Sarà perché inizia favolisticamente con “C’era una volta, anzi c’è …” o perché la storia è ambientata in un paesino qualunque, che potrebbe a buon grado chiamarsi Utopia, il paese dove, parafrasando Oscar Wilde, l’umanità continua ad approdare per vedere intorno a sé un paese migliore, ma gli ingredienti per un grande spettacolo ci sono tutti e credo anche raffinati per questa edizione 2018, che si avvale dell’aiuto di una sviluppata tecnica che incanta ancora un pubblico numeroso e eterogeneo come quello del Brancaccio queste sere.

È uno spettacolo che continua a coinvolgere e a piacere, nonostante la società a cui allude, un’Italia anni ’70 sconvolta forse dai poteri ma tutto sommato ancora felice e speranzosa, ormai sia superata. Necessari si fanno allora gli adattamenti al testo e si arricchiscono i personaggi di nuove sfumature e battute, ma senza sconvolgerne la bellezza e la forza originali.

Della storica e costosissima messa in scena si è scelto di riprendere tutto, perché Aggiungi un posto a tavola sono i costumi pastello di Giulio Coltellacci (riadattati da Francesca Grossi), ma soprattutto le sue fantastiche scene in legno montate ingegnosamente su un doppio girevole, arricchite da nuovi effetti speciali, come per esempio il contributo video di Claudio Cianfoni che ci restituisce una impressionante scena del diluvio.

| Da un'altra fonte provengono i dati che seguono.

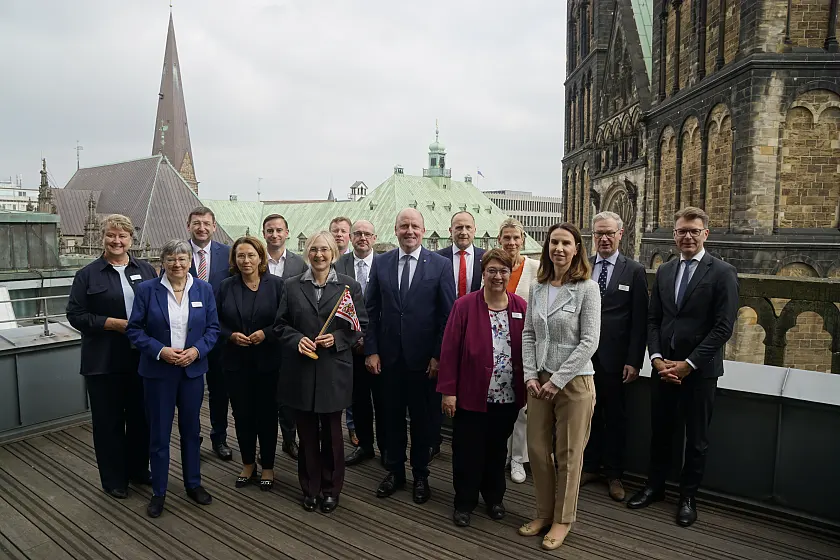 Gruppenfoto der Konferenz der Präsidentinnen und Präsidenten der Rechnungshöfe des Bundes und der Länder vom 04. Mai 2026 in Bremen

E ancora le musiche di Armando Trovajoli, le cui melodie rimangono in testa per giorni, anche queste riarrangiate per l’occasione secondo un gusto contemporaneo da Maurizio Abeni, già allievo di Trovajoli, e eseguite dal vivo, come nei migliori teatri del West End, da un’eccezionale orchestra di sedici professori. Non possiamo poi non menzionare il corpo di ballerini/cantanti che ripete le coreografie originali di un altro grande maestro e talento italiano, Gino Landi, presente alla recita.

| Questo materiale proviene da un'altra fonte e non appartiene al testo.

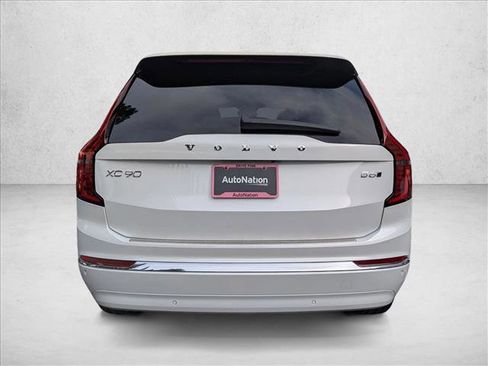 Certified 2026 Volvo XC90 B6 Plus w/ Protection Package Premier image 6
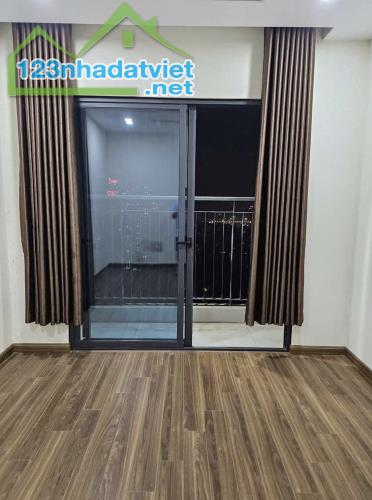 ❇CHUNG CƯ CAO CẤP GOLDEN PARK  - CẦU GIẤY 96 M2, 3 PHÒNG NGỦ, 2 VS. - 3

Ma sono anche i temi trattati nella storia a rendere questo spettacolo eterno. C’è l’amore prima di tutto, quello innocente e infantile di Clementina per don Silvestro, ma anche quello animalesco e bucolico di Toto per Consolazione. Ci sono l’amicizia e la solidarietà di una società che si muove tutta per uno scopo comune, espresse soprattutto nella canzone della formica. Ma c’è anche l’accoglienza del diverso e dello straniero: Consolazione, inizialmente respinta per la sua poco onorevole professione, viene finalmente accolta da tutti e messa tra coloro che verranno salvati. E ancora il sacrificio del singolo per la comunità, don Silvestro che rinuncia a salire sull’arca per non abbandonare il suo gregge confuso dalle parole del cardinale che lo accusava di pazzia. Tutti temi che risuonano ancora oggi familiari alla nostra esperienza.

A tener viva la tradizione un cast di attori e cantanti eccezionali guidati da un commosso Gianluca Guidi, che ci restituisce un don Silvestro degno del padre, fedele all’originale ma tuttavia spontaneo e naturale, Emy Bergamo, nel ruolo di Consolazione, Marco Simeoli in quello del Sindaco Crispino, il divertentissimo Piero Di Blasio nel personaggio di Toto, l’Ortensia di Francesca Nunzi e la new entry del gruppo, la giovane Camilla Nigro, nel ruolo di Clementina, a cui facciamo i nostri auguri per la sua carriera, chiaro segnale che le nostre scuole sanno lavorare bene nel coltivare buoni talenti. Ovviamente un applauso caloroso è andato anche a la voce di lassù, Enzo Garinei.

Uno spettacolo da non perdere per chi ama il teatro e che ci auguriamo di rivedere per molte stagioni ancora.